Work item
When the line containing "Colt Python Sarı" is found in the data below, give it again along with every later line, exactly; drop the pictures.

Provided data
------------------------------------

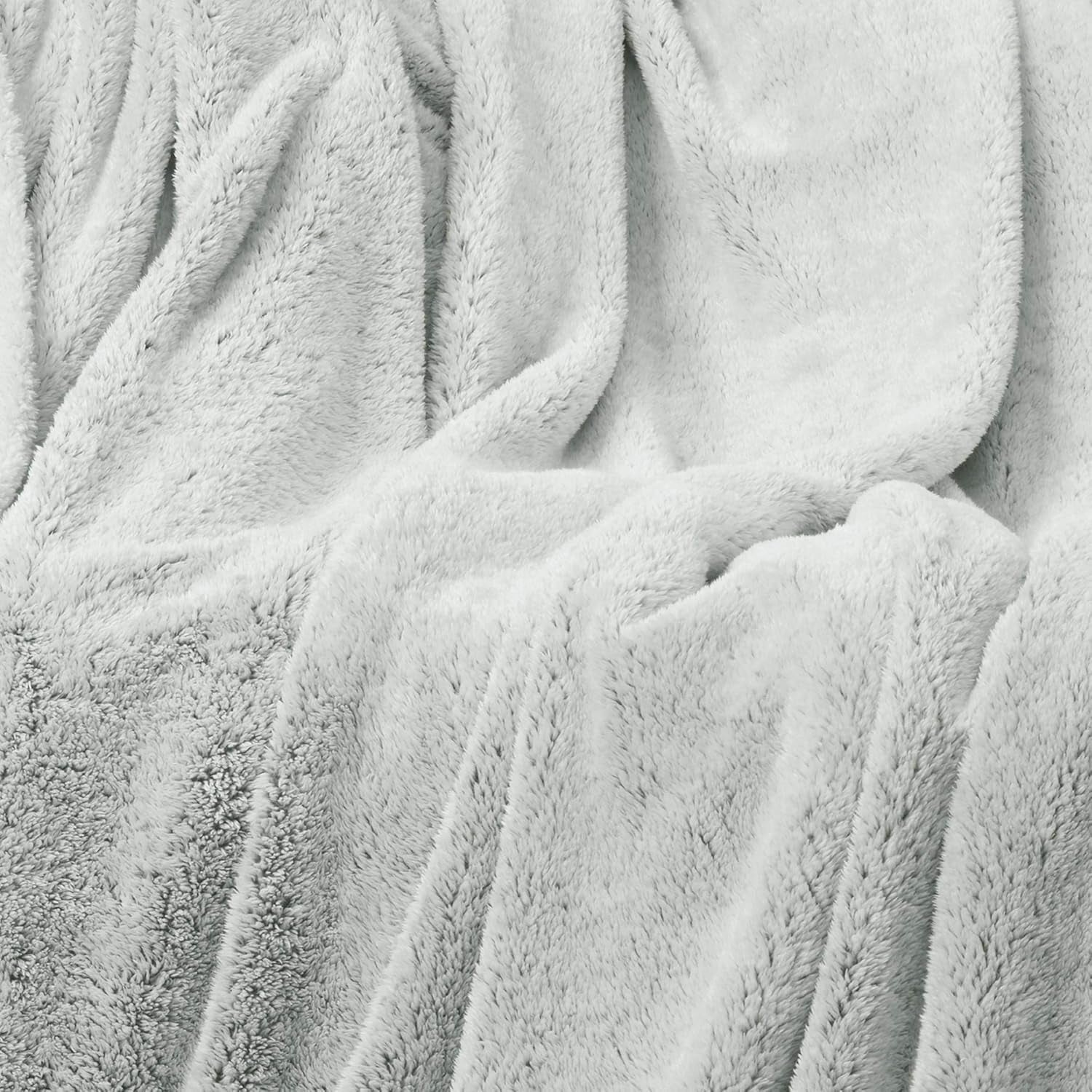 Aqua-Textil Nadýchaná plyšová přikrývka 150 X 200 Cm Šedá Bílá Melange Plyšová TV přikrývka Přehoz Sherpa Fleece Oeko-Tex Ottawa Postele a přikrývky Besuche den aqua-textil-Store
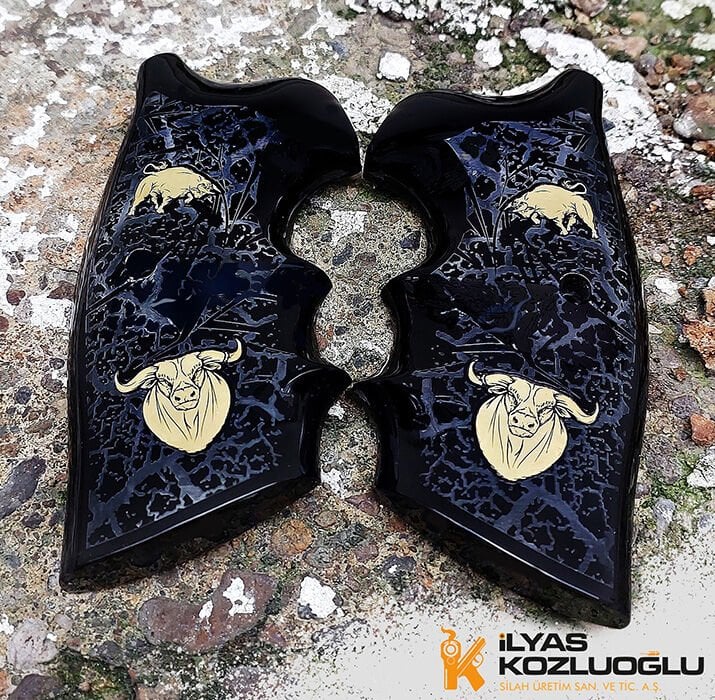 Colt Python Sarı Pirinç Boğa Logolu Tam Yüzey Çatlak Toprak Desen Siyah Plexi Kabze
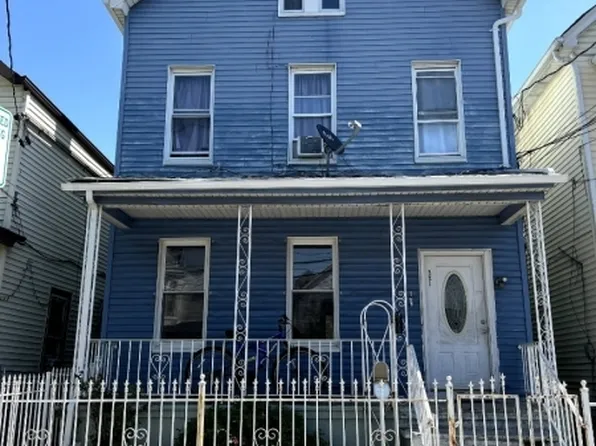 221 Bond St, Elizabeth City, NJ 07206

------------------------------------

Worked solution
 Colt Python Sarı Pirinç Boğa Logolu Tam Yüzey Çatlak Toprak Desen Siyah Plexi Kabze
 221 Bond St, Elizabeth City, NJ 07206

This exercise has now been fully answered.